С того времени, когда Сибилла Макэлрой в последний раз бывала в Крендерфорд-Хаусе, она почти не изменилась: такая же тонкая и изящная, она, несмотря на наличие четверых детей, продолжала оставаться олицетворением женской красоты. Сегодня на балу, как это подобает благовоспитанной леди, миссис Макэлрой вела себя невозмутимо и сдержанно, но её взгляд, взвинченный и в какой-то мере злой, говорил о совсем ином.
— Сибилла? — В отличие от жены, Десмонд был спокойным и даже безмятежным: мысленно он уже давным-давно покинул зал, отправившись в курительную комнату за очередной партией игры в покер.
— Десмонд! — У миссис Макэлрой подобное безразличие вызывало раздражение — она, нервно цокнув языком, обратилась лицом к мужу. — Ты разве не видишь этого?

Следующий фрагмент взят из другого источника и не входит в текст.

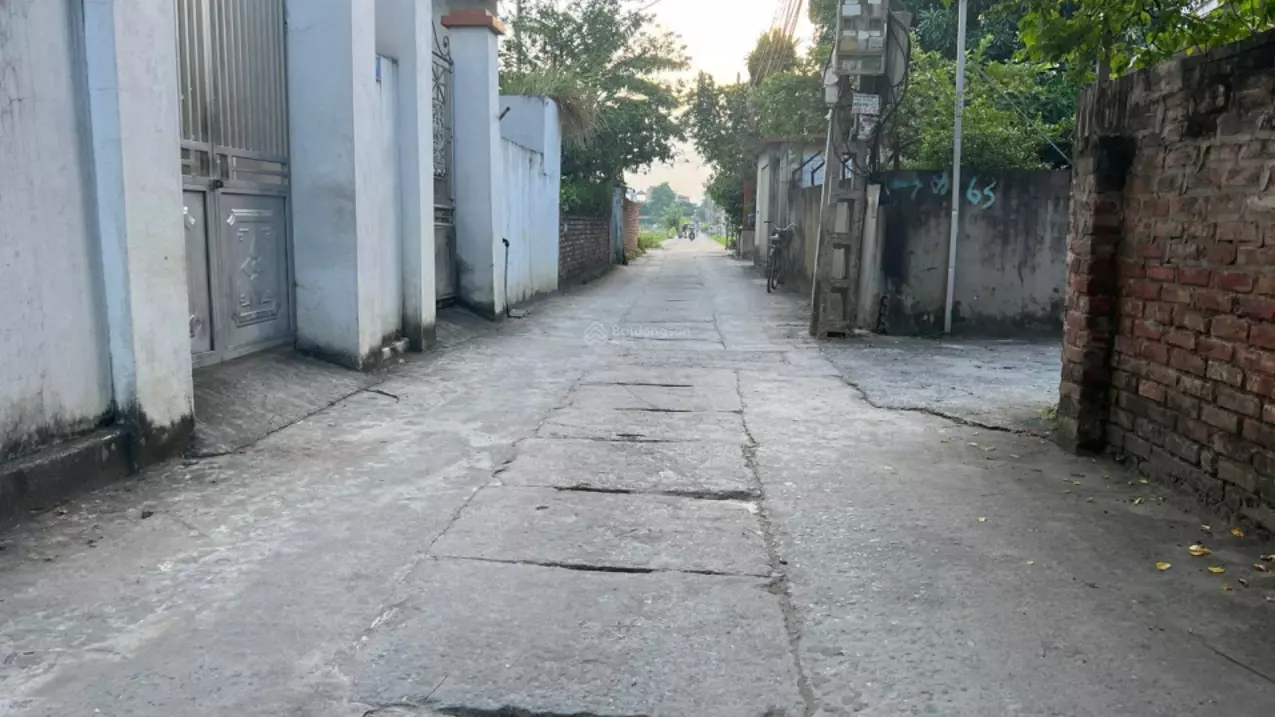 Hoang Mai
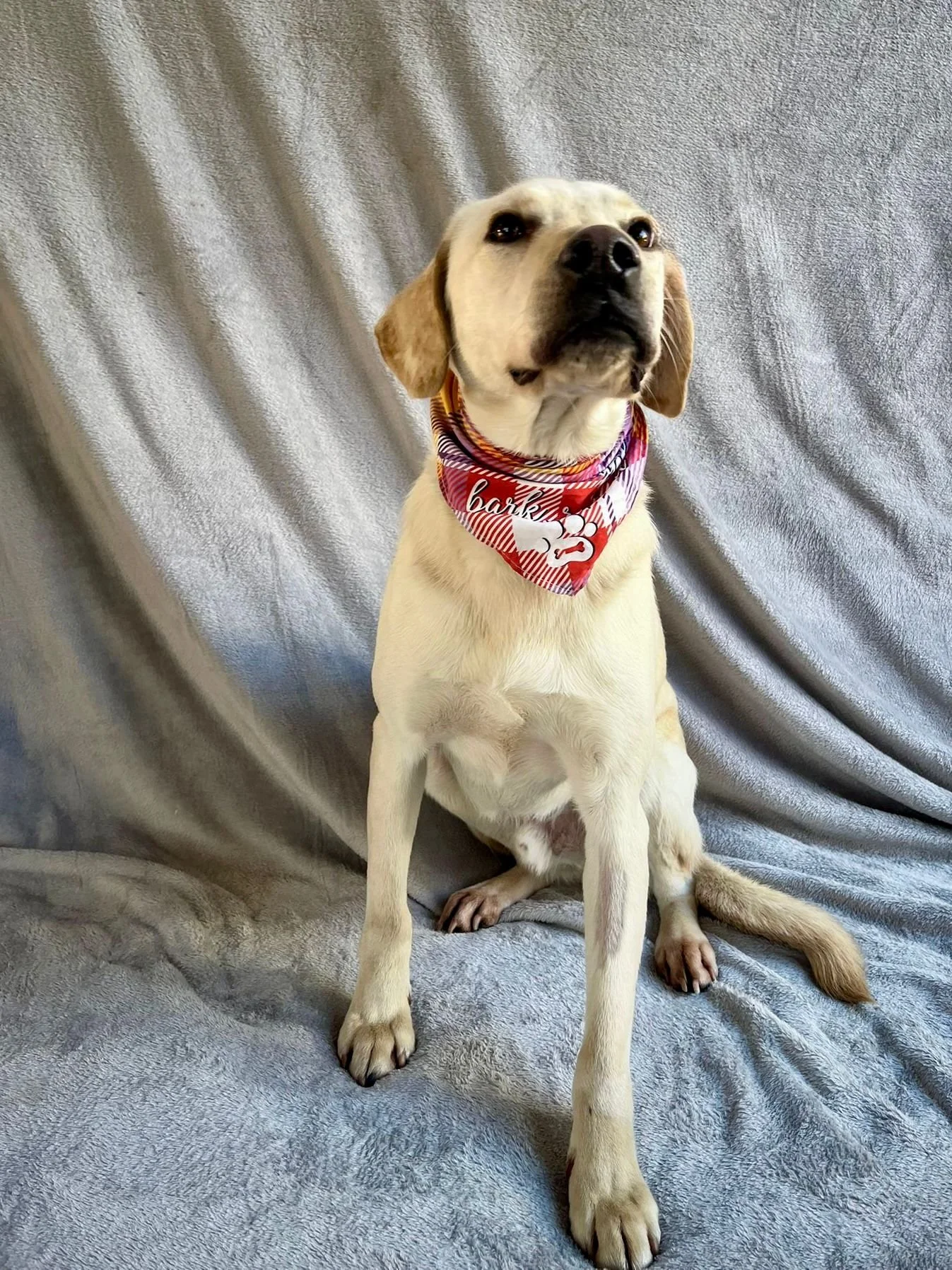 WhatsApp Image 2026-01-01 at 19.16.34 (3).jpeg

Десмонд, мне кажется, но кое-кто забыл о нашем уговоре.
Макэлрой, тяжело выдохнув, медленно провёл взглядом по залу, остановив его на одной из вальсирующих пар.
— Гарленд? — едва не поперхнувшись, молвил он.
— Именно, — прошипела женщина, принявшись нервно обмахиваться веером.
— Но это всего лишь танец, дорогая, — Макэлрой-старший улыбался, что ещё больше злило Сибиллу.— Кстати, с кем это он танцует? Не может быть... Неужели это племянница мистера Клементайна?
— Да... Конечно. Племянница, — пренебрежительно бросила миссис Макэлрой, вспомнив их разговор с сестрой семилетней давности. — Юная Хартли выросла, и, кажется, теперь успешно этим пользуется. Кстати, весьма любопытно, почему она не встречала нас у лестницы, как полагается, вместе с хозяйкой?
— Сибилла, немедленно прекрати. — Десмонд, до этого радостный и беззаботный, резко сменился в голосе. — Это выходит за все рамки.
— Нет уж. Хорошо, что Рашель не видит этого, — миссис Макэлрой презрительно поморщилась.
— Кстати, что-то она задерживается. Николас сказал, что отправил её с компаньонкой в одну из комнат, чтобы та приняла лекарство, но...
— Десмонд, умоляю тебя. Не упоминай об этом. — Сибилла резко перешла на шёпот. — Ты хочешь, чтобы нас кто-то услышал? Она вернётся с минуты на минуту. И надеюсь, что Гарленд-младший опомнится и пригласит её на танец. Ты сам прекрасно знаешь, в каком мы финансовом затруднении, и этот брак будет нам очень выгоден. Впрочем, как и самому Герберту Гарленду.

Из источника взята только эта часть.